Sidney Powell: Obama’s fingerprints ‘all over’ Flynn investigation

by WorldTribune Staff, September 27, 2020

After new evidence emerged that authorities investigating Michael Flynn were out to “get Trump,” Flynn attorney Sidney Powell said President Barack Obama’s fingerprints were “all over” the Flynn investigation.

In a Friday night interview on Fox Business Network, Powell was asked about Obama’s role in the Flynn investigation.

Vice President Joe Biden, President Barack Obama and FBI Director James Comey.

Powell said: “His fingerprints are all over it. There’s the reference in the new text messages about how his briefing went on January 5th (2017). So it was a full-fledged briefing. And, of course, we have Susan Rice’s memo on it and James Comey’s memo on it. There’s a lot of information about that, and now we know that there are other people who need to be asked about it as well.”

“What was President Obama and the Obama administration doing here?” host Elizabeth MacDonald asked.

“They were exerting significant pressure on Comey and McCabe to keep the investigation going,” Powell said. “Apparently, particularly with Comey’s meetings with Biden and Obama, and Susan Rice, and Sally Yates and January 5th, and apparently for a few days before, either by phone or some kind of other meeting that, I think, is reflected in [Peter] Strzok’s notes that were given to us a few weeks ago indicating Obama said he wanted the right people put on it and the investigation to continue. And Biden mentioned the Logan Act. I think there was a meeting before the 5th, or at least a conversation before the 5th, that included that information.”

An FBI agent who participated in the investigation told the Department of Justice that the initial prosecution of Flynn seemed to be based on a desire to “get Trump,” according to a document filed by the DOJ on Friday.

The DOJ filed as part of the ongoing Flynn case the FBI 302, or interview summary, of a Sept. 17 interview of agent William Barnett conducted by Assistant U.S. Attorney for the Eastern District of Missouri Jeffrey Jensen. Attorney General William Barr had asked Jensen to go over the case against Flynn, and Jensen has since joined U.S. Attorney John Durham in a probe of the origins of the Trump-Russia hoax.

Barnett told Jensen he thought the case against Flynn, who was investigated over alleged ties to Russian operatives, was “opaque” and operated “with little detail concerning specific evidence of criminal events.”

Barnett further stated that he was “still unsure of the basis of the investigation concerning Russia and the Trump campaign working together, without a specific criminal allegation,” after working for six weeks on the Flynn investigation.

“Trump was right,” an FBI employee declared shortly after the then-president-elect suggested that officials delayed a White House transition briefing on Russian meddling in the 2016 election because they needed time “to build a case.”

The admission is contained in a text message exchange that took place on Jan. 5, 2017, and was among several that lawyers for Flynn said were turned over to them late Thursday night.

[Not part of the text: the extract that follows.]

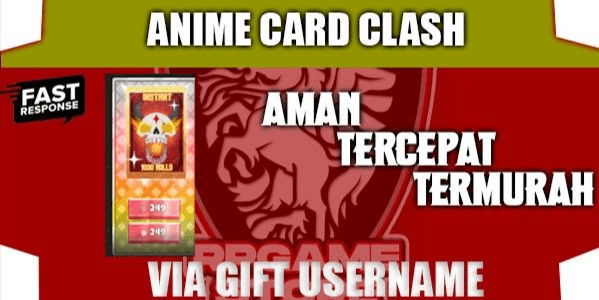 Gambar Product Instant Roll (1,000 cards)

During the conversation on the FBI’s “Lync” messaging system, unidentified employees discussed a briefing that day of Obama, according to the Friday court filing.

“What’s the word on how O’s briefing went,” one FBI worker asked.

“Dont know but people here are scrambling for info to support certain things and its a mad house,” another wrote.

The next message was the one-word response, “jesus,” followed by an apparent reference to a Trump tweet from two days earlier.

“trump was right. still not put together….why do we do this to ourselves. what is wrong with these people,” an FBI employee wrote.

In his Jan. 3, 2017, tweet, then-President elect Donald Trump wrote: “The ‘Intelligence’ briefing on so-called ‘Russian hacking’ was delayed until Friday, perhaps more time needed to build a case. Very strange!”

Although the Justice Department in May agreed to drop its prosecution of Flynn — citing “newly discovered and disclosed information” obtained by the defense — presiding Judge Emmett Sullivan declined to dismiss the case.

Sullivan has scheduled oral arguments on the matter for Tuesday morning, hours before the first debate between Trump and Democrat candidate Joe Biden.

In an interview on Fox Business Network last month, Powell told MacDonald that she has “a lot of questions for” former Deputy Attorney General Sally Yates.

“Are you going to take this to the Supreme Court?” Macdonald asked.

“If we have to,” Powell answered. “I’m hoping Judge Sullivan gets it right and salvages what is left of his reputation because he was the hero in my book ‘License to Lie,’ only to be a major disappointment.”

“The ones who were trying to make up a crime against him certainly should be prosecuted for obstruction of justice,” Powell said. “The abuse of power that went into the extended investigation and the harassment of him and his son proposed violations of Section 242, I think, abuse of power involving his civil rights, and those are at least misdemeanor offenses that should be prosecuted, especially in this circumstance.”

“Lawyers should, at minimum, should lose their law licenses, and those who knew exactly what they were doing and working so hard to do it here should be prosecuted for their conspiracies and falsification of documents and everything else,” Powell added.